» **Task prompt**
Begin at the line containing "NYC Cherry Blossom" in the records below, end at the line containing "fons, llum natural, medi", and retype each line in that span exactly. No other line and no image should appear.

[Short text fragments from websites]
Start of Block

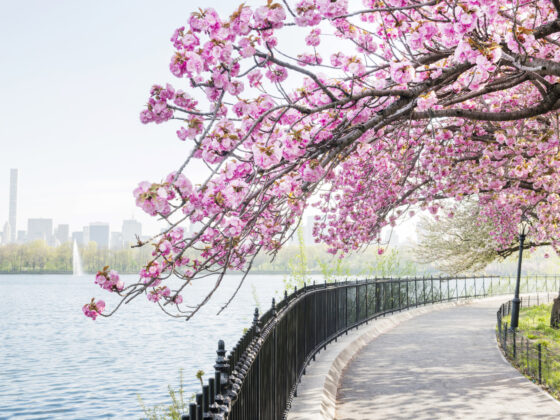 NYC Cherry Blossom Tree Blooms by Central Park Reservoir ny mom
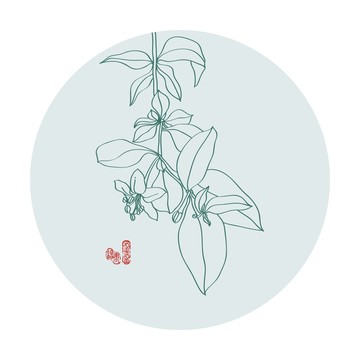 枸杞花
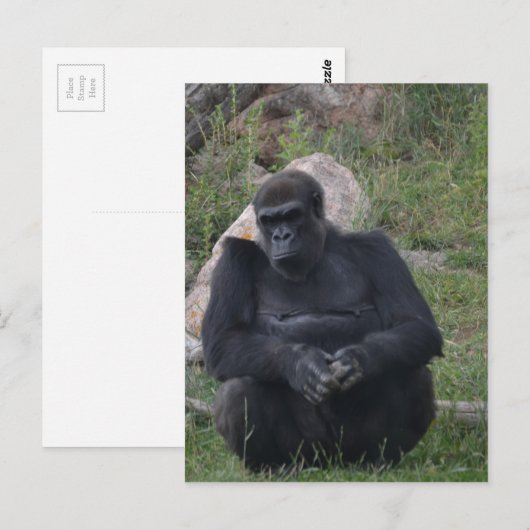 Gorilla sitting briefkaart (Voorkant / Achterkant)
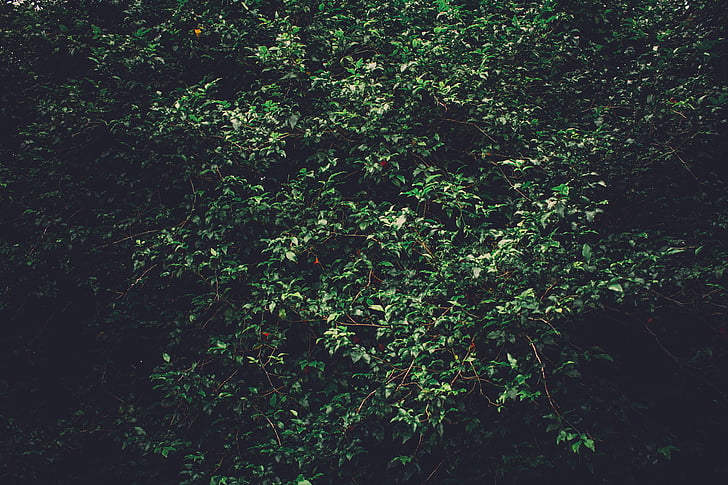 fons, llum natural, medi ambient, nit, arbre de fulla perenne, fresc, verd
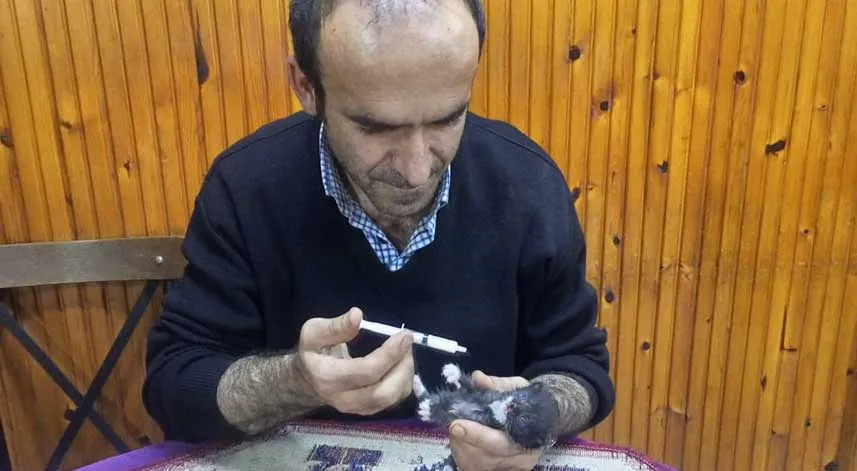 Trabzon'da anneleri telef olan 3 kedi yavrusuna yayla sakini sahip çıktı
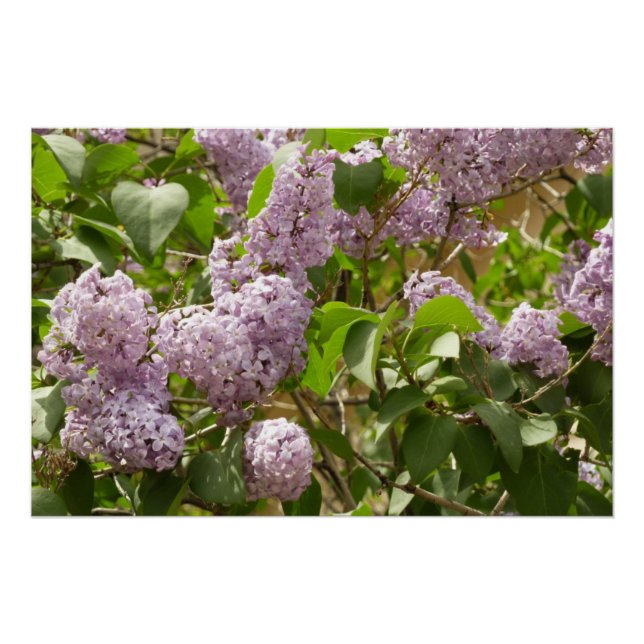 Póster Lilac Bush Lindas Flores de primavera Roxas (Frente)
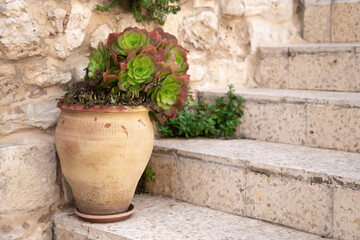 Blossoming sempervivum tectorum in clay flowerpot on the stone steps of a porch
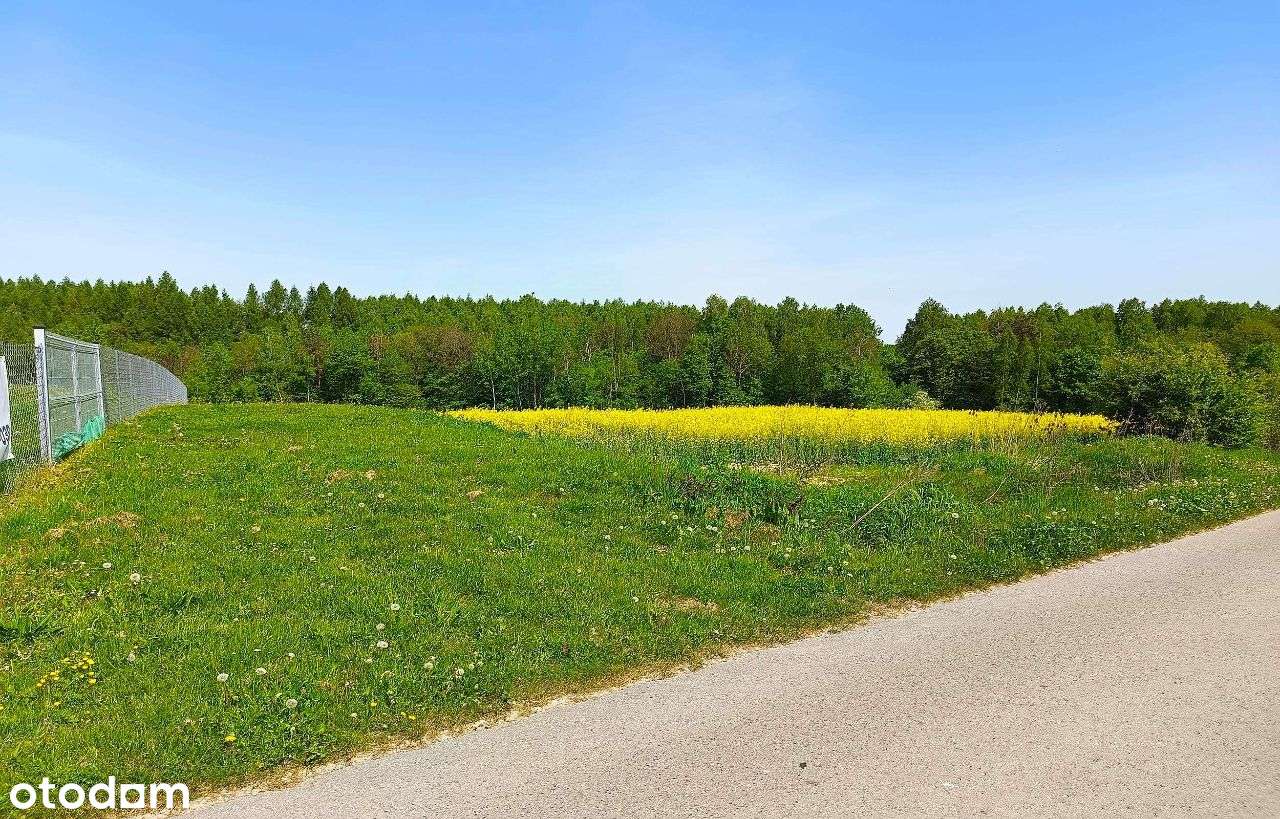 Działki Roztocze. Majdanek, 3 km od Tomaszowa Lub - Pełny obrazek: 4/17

End of Block
Start of Block

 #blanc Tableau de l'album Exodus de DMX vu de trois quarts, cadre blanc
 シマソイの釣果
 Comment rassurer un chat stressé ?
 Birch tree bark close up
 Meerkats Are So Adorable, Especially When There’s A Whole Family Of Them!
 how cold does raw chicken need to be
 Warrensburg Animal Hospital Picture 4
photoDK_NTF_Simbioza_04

End of Block

» **Answer for the task**
 NYC Cherry Blossom Tree Blooms by Central Park Reservoir ny mom
 枸杞花
 Gorilla sitting briefkaart (Voorkant / Achterkant)
 fons, llum natural, medi ambient, nit, arbre de fulla perenne, fresc, verd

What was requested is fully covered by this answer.